## Exercise instructions
In the entries that follow, the lines from the one with "Kids build block" through the one with "living room with" are the ones to write out, exactly and with both ends included. Nothing else should appear.
----- Data records -----
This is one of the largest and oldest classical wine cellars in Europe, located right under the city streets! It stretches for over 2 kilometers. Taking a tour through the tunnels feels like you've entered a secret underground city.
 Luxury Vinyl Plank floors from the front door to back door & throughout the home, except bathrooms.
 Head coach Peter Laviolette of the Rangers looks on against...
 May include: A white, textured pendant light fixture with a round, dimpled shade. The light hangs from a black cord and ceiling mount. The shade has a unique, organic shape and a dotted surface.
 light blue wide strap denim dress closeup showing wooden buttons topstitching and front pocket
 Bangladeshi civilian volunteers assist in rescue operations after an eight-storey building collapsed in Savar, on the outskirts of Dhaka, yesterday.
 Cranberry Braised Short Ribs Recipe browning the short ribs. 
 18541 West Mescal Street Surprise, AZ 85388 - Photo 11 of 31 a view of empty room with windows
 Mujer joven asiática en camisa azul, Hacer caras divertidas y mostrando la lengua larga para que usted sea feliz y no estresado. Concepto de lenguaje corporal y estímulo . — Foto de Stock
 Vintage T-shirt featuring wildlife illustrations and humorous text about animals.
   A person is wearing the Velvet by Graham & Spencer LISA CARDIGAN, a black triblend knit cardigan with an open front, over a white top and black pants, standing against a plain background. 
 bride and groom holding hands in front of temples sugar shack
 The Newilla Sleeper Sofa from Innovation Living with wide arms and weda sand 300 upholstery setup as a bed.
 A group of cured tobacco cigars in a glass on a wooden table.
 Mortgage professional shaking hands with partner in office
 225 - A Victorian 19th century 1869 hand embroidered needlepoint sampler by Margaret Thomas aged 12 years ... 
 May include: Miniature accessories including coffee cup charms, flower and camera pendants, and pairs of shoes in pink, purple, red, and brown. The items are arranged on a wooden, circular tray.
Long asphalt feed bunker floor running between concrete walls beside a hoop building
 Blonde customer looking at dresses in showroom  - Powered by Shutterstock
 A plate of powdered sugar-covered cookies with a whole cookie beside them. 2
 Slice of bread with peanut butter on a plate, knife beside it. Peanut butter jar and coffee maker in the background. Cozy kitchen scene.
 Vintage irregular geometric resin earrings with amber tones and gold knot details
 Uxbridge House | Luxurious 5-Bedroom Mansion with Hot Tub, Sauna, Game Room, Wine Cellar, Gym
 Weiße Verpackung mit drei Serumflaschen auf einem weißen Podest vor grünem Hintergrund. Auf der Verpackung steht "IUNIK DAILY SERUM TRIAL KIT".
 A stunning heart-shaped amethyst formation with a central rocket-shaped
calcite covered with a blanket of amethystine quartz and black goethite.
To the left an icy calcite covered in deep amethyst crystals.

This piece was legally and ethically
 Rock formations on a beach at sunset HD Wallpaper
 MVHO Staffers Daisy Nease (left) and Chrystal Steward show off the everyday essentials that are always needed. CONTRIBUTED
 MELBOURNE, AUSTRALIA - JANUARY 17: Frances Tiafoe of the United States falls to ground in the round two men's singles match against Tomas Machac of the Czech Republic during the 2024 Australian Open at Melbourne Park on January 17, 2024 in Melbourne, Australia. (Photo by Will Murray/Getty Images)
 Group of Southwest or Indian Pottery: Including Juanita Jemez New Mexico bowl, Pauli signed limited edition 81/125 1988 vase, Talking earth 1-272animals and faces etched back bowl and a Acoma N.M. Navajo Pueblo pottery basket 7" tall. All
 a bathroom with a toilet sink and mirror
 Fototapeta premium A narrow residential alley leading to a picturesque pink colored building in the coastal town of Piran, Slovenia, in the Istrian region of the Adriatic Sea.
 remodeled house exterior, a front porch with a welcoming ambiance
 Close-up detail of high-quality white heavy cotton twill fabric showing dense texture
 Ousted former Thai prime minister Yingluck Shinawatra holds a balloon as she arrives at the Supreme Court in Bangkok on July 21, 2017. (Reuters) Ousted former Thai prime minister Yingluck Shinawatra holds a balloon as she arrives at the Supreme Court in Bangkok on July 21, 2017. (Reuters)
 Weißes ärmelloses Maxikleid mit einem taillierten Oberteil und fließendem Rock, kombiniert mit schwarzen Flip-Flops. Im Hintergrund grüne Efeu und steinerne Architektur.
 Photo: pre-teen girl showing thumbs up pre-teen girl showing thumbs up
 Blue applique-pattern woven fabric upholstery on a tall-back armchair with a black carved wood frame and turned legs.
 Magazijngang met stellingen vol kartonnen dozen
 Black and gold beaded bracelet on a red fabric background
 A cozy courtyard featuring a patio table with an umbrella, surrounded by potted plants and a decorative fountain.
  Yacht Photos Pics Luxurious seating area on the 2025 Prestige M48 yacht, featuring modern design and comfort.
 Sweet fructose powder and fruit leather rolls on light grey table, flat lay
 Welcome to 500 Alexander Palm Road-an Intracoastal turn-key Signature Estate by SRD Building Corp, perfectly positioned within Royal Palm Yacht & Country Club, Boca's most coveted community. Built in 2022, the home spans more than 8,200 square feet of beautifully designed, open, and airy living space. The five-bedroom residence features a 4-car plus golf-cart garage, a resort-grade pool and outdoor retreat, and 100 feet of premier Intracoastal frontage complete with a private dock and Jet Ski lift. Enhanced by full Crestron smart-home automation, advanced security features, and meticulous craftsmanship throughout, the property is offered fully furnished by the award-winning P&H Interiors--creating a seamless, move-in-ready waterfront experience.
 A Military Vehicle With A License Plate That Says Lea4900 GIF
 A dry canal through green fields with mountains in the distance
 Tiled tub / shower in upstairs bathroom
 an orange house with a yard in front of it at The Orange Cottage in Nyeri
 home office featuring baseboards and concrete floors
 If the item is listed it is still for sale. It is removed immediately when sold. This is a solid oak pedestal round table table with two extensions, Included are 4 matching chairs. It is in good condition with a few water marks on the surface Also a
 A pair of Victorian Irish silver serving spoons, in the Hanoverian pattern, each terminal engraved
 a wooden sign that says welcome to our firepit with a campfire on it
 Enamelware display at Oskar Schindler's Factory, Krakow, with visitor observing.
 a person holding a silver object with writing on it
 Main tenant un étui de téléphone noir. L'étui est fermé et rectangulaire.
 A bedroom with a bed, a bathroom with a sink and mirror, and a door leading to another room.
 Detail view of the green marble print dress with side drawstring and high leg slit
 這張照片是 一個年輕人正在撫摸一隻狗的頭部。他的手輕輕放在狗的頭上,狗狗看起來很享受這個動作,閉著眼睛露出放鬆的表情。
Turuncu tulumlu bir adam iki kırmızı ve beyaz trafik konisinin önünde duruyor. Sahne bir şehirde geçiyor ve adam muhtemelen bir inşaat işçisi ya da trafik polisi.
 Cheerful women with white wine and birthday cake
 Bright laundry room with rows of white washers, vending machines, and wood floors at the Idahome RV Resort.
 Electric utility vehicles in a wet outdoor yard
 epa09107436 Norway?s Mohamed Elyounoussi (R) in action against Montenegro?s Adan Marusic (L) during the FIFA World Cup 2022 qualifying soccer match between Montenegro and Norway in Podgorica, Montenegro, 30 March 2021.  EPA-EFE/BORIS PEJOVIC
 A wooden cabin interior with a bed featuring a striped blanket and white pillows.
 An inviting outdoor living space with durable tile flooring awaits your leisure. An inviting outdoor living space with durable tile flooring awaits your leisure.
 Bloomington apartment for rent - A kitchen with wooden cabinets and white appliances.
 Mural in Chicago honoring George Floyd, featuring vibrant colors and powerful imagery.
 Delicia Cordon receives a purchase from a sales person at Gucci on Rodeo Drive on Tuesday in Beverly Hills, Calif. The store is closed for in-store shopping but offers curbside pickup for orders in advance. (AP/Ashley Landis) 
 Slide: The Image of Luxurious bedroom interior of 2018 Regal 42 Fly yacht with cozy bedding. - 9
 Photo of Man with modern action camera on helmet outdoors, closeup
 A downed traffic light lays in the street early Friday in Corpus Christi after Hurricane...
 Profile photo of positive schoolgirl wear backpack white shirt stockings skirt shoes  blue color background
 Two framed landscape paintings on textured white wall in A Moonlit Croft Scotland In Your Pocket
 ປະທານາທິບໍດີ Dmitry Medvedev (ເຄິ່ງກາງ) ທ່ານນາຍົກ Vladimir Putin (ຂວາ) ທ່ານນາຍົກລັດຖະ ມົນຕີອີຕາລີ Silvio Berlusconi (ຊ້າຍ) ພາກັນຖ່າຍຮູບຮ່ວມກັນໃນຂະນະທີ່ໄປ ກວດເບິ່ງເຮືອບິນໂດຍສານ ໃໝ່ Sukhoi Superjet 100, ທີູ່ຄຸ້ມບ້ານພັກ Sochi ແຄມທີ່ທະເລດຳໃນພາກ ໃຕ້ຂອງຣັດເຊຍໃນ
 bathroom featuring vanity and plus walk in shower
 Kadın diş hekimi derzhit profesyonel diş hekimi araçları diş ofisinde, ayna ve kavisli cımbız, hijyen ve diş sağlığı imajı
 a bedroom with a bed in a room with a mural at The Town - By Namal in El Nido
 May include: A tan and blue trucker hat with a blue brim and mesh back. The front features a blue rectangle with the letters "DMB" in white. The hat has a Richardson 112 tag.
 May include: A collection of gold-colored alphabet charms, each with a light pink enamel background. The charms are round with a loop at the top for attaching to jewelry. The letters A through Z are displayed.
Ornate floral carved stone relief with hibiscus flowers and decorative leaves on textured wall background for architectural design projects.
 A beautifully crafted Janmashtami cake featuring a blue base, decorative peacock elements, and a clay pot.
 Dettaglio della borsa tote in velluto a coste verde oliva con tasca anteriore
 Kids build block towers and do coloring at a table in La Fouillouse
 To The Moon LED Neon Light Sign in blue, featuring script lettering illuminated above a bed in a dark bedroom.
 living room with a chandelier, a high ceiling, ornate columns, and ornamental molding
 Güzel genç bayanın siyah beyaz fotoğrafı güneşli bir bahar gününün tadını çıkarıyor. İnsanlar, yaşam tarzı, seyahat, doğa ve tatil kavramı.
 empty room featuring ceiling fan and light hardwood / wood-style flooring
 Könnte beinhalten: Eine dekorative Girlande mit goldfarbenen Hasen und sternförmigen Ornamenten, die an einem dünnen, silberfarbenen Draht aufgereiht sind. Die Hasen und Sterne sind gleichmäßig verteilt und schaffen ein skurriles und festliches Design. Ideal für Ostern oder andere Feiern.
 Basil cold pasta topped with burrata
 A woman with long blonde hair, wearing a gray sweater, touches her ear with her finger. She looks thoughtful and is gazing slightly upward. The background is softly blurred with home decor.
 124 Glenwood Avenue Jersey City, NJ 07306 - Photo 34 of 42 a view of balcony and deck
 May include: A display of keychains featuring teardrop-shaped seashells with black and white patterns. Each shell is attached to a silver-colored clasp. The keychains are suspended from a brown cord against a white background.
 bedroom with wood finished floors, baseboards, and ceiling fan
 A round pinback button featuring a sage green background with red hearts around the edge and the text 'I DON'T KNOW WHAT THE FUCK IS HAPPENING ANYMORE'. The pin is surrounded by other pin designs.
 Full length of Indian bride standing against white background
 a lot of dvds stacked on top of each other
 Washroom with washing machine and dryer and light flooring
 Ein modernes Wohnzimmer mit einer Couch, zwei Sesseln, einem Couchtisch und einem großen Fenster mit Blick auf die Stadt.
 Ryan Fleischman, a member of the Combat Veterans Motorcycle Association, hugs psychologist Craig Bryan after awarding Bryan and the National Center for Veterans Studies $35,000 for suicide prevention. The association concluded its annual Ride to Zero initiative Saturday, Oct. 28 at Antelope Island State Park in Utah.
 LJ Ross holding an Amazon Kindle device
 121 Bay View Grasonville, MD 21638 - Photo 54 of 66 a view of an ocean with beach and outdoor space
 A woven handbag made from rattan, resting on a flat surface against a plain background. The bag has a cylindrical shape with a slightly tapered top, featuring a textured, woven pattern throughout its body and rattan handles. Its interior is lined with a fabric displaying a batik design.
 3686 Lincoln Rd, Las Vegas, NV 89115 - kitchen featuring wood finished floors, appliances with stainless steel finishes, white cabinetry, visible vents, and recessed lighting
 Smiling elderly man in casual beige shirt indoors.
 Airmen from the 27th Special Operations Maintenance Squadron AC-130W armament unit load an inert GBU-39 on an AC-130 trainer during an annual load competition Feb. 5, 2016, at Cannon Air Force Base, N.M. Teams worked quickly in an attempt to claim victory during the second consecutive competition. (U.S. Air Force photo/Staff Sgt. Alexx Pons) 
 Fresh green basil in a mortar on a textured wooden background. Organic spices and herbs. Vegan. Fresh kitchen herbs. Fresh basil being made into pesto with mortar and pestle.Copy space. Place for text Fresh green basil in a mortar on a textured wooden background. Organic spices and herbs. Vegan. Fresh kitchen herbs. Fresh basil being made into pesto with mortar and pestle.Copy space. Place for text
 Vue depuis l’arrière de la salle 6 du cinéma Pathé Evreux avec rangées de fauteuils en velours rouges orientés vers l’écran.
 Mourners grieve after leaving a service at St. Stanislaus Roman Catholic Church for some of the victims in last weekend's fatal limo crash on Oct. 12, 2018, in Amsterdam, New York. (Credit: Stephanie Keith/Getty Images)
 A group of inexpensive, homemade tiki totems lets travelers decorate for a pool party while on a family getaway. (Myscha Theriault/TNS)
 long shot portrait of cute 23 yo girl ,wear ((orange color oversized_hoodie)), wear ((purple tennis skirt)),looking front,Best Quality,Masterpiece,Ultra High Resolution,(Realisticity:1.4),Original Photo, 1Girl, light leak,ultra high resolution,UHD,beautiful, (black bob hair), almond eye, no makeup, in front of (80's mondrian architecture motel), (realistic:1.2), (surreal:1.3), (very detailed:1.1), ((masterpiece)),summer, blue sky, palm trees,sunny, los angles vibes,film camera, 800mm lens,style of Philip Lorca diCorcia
-----
## Solution for this exercise
 Kids build block towers and do coloring at a table in La Fouillouse
 To The Moon LED Neon Light Sign in blue, featuring script lettering illuminated above a bed in a dark bedroom.
 living room with a chandelier, a high ceiling, ornate columns, and ornamental molding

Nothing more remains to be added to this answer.